━━━━━ Input data
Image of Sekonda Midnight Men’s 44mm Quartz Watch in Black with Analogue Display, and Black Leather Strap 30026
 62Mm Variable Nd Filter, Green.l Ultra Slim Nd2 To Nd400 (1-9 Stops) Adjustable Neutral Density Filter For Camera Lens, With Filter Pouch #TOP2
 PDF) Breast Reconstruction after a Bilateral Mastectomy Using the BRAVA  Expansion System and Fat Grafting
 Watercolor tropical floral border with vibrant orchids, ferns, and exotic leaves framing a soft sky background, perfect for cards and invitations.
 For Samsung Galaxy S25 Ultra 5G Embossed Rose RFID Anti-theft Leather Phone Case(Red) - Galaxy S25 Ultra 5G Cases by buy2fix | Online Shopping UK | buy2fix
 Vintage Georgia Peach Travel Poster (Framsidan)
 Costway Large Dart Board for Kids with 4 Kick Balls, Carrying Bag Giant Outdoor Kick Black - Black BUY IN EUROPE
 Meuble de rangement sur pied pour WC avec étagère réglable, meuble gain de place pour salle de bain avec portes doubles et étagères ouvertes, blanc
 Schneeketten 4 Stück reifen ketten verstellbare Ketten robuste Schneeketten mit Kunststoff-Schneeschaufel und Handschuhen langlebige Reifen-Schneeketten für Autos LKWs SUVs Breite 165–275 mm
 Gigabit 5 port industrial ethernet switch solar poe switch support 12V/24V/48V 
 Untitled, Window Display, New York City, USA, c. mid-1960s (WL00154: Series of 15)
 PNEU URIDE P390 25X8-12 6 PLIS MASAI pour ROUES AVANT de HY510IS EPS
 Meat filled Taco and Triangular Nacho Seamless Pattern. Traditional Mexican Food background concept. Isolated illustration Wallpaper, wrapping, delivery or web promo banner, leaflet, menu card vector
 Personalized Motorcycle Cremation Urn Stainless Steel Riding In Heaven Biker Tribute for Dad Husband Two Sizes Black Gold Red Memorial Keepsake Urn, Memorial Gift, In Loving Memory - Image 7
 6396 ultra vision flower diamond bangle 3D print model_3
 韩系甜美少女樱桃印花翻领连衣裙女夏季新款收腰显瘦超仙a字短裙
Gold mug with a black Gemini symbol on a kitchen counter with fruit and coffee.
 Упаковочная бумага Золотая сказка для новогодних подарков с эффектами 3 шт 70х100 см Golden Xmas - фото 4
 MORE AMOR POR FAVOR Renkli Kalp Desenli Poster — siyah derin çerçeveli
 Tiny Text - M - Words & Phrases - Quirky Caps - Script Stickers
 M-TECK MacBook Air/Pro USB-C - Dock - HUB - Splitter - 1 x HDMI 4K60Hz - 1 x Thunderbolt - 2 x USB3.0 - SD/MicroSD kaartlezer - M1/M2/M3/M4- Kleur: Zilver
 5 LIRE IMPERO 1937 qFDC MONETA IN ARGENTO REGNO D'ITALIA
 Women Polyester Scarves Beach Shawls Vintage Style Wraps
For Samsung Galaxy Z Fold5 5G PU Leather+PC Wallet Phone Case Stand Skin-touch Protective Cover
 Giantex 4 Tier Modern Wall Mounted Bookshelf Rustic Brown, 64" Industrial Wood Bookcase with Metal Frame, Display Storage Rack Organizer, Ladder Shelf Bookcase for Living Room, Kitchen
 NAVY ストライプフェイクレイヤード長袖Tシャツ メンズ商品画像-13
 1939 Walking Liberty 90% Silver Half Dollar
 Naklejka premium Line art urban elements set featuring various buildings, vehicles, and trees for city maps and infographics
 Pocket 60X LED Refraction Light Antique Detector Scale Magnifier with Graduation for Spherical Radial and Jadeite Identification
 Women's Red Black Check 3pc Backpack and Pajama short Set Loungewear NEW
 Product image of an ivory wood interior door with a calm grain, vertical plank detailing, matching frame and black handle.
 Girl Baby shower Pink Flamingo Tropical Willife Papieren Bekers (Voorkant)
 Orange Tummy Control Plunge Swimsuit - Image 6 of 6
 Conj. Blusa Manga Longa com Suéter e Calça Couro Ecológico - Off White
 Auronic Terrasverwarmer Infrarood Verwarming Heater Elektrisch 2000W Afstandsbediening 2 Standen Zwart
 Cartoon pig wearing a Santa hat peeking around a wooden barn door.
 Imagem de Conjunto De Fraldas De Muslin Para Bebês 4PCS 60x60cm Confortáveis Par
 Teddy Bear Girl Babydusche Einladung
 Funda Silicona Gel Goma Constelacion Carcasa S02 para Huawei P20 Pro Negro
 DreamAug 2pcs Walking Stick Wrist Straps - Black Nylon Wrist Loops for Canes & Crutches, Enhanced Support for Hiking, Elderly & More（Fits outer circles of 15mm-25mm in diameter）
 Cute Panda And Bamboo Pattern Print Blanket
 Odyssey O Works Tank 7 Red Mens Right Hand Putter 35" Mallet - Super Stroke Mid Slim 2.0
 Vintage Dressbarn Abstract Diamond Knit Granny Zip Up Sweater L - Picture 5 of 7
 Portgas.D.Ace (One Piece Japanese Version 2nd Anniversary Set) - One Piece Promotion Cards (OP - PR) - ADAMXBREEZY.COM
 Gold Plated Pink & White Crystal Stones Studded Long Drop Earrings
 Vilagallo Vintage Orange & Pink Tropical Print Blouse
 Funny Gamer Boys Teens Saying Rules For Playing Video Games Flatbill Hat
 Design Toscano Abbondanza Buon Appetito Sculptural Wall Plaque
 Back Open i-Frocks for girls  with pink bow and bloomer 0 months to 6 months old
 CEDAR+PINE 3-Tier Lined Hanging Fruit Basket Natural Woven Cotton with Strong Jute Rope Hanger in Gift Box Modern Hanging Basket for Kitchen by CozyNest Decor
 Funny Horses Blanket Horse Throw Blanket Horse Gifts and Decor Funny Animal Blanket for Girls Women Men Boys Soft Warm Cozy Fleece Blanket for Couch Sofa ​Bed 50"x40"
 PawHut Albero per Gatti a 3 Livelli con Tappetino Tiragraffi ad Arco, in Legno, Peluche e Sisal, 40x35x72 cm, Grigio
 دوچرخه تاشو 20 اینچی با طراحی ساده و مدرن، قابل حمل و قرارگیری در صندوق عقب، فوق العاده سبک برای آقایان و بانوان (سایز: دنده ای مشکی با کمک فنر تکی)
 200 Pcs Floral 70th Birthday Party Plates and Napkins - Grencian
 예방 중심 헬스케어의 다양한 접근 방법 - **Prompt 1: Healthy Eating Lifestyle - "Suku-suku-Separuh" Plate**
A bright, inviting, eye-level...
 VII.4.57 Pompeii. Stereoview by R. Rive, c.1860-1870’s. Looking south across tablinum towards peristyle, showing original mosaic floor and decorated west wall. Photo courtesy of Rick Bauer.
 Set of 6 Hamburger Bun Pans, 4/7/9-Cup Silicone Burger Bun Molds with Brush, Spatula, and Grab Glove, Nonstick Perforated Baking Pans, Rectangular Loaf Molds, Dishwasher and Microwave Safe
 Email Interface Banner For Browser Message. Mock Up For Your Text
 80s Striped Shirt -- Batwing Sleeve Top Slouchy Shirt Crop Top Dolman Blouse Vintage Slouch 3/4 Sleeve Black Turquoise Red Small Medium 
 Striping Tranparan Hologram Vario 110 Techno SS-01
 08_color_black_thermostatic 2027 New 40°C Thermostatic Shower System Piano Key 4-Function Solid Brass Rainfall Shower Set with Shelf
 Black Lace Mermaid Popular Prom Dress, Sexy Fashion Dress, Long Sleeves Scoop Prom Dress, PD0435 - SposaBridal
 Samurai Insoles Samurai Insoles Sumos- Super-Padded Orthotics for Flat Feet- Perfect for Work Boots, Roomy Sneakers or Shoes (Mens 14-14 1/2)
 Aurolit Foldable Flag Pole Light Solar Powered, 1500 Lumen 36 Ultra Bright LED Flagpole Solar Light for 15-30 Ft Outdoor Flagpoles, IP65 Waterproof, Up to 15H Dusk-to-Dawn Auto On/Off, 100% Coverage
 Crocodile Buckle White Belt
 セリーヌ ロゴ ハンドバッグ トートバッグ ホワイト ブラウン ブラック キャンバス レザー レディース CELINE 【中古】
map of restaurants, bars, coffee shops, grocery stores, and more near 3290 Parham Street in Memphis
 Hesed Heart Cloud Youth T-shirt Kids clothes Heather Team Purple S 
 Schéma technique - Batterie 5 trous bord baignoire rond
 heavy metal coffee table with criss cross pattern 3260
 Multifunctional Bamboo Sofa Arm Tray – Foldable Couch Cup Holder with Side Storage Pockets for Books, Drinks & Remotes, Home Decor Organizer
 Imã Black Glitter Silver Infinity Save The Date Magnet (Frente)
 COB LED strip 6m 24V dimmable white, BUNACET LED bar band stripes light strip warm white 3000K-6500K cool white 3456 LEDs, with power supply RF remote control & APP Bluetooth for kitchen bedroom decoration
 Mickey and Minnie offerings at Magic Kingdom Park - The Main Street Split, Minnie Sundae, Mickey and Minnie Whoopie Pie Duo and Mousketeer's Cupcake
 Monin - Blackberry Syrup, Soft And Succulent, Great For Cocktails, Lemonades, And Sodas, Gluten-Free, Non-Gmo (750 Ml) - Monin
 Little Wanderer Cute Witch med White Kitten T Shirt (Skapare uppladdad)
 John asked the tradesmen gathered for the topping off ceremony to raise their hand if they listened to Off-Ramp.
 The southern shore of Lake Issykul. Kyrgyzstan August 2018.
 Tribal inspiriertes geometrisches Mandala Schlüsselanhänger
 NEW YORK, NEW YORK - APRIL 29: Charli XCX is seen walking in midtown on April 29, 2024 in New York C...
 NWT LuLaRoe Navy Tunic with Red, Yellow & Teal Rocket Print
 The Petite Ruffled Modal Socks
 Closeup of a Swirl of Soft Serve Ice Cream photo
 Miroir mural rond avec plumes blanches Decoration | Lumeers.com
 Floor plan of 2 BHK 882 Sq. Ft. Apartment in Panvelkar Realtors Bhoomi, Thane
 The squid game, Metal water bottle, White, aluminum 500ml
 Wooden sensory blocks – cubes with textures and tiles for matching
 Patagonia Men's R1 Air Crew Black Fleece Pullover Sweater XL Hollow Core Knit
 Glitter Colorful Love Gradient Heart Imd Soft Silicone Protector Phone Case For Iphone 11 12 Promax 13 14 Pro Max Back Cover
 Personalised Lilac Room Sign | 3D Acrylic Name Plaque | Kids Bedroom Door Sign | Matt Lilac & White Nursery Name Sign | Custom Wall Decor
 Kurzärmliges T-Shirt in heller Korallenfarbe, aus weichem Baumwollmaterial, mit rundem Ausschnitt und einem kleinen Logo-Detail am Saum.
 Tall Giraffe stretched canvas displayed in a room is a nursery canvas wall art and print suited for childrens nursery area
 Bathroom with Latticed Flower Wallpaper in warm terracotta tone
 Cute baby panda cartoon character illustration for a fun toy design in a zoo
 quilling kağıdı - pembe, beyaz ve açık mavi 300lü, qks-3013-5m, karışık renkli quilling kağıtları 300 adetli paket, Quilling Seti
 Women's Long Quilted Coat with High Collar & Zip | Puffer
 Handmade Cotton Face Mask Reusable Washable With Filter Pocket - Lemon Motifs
━━━━━━━━━━
#### [Task description]
Nothing but the lines above from the one containing "80s Striped Shirt" through the one containing "08_color_black_thermostatic 2027 New" should appear in the answer, each repeated exactly.

#### [Solved problem]
 80s Striped Shirt -- Batwing Sleeve Top Slouchy Shirt Crop Top Dolman Blouse Vintage Slouch 3/4 Sleeve Black Turquoise Red Small Medium 
 Striping Tranparan Hologram Vario 110 Techno SS-01
 08_color_black_thermostatic 2027 New 40°C Thermostatic Shower System Piano Key 4-Function Solid Brass Rainfall Shower Set with Shelf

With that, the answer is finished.